Sorry for the delay. We got a puppy golden retriever yesterday and I've been the one doing all the work the past 24 hours. I'm running on a couple hours sleep at this point. I got the puppy sleeping, and the 7 year old sitting in the pen quiet. The 13 year old is at camp and the wife is running our errands. A moment of peace

Uploaded the Sirmione video and will note the URL here and up above in the Sirmione post. Hope you enjoy!


----------



## Wine-O (Feb 17, 2010)

Great Video - you should have stopped for some gelato.


----------



## firstbimmer (May 25, 2006)

Day six, Verona completed. 

seven and eight to come New puppy is taking more time that I thought...but sooo worth it!


----------



## [email protected] (Apr 6, 2011)

Awesome, glad your having fun. Nice video!


----------



## firstbimmer (May 25, 2006)

day seven done Will try to get day 8 tomorrow.


----------



## firstbimmer (May 25, 2006)

Coming up on 4 months since pickup and am still suffering withdrawals 

I find myself running the numbers to see if I can convince the wife that we need a third 'fun' car. Not having much luck at all!

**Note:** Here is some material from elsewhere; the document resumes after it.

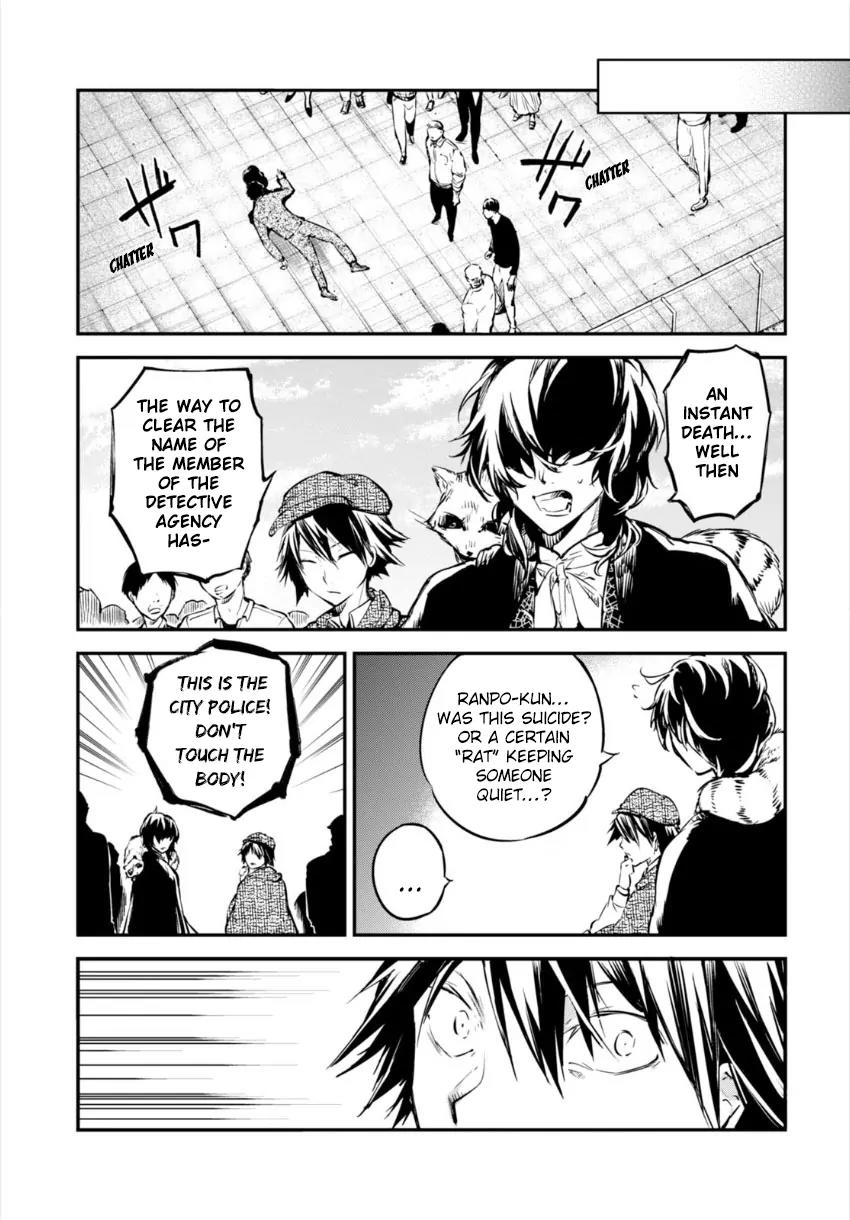 Bungou Stray Dogs Chapter 54 page 26 - Chapter 54: The Perfect Murder and Murderer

Love the car but commuting 140 miles a day, 5 days a week, in it just doesn't compare to the open roads of Europe. BMW knows what its doing with this program. Another brand is going to have to seriously 'wow' me in order to pull me away from a Euro Delivery from now on.


----------



## firstbimmer (May 25, 2006)

Just wanted to bring this thread back to page one for the individual asking about Lake Garda. Days 2-5 spent some time in Sirmione on Lake Garda, or driving around the lake.


----------



## odiesback (Jun 9, 2008)

Wow!

My pickup is also on June 25 and arriving back home on the 4th of July.

Thanks for getting this thread back :thumbup:


----------



## firstbimmer (May 25, 2006)

Revived again for person asking about lake garda and verona. Regarding verona, we really like our hotel. Easy to access by car, street parking, and very close to city center for walking. Think it was a best western? Pictures are earlier in thread.


----------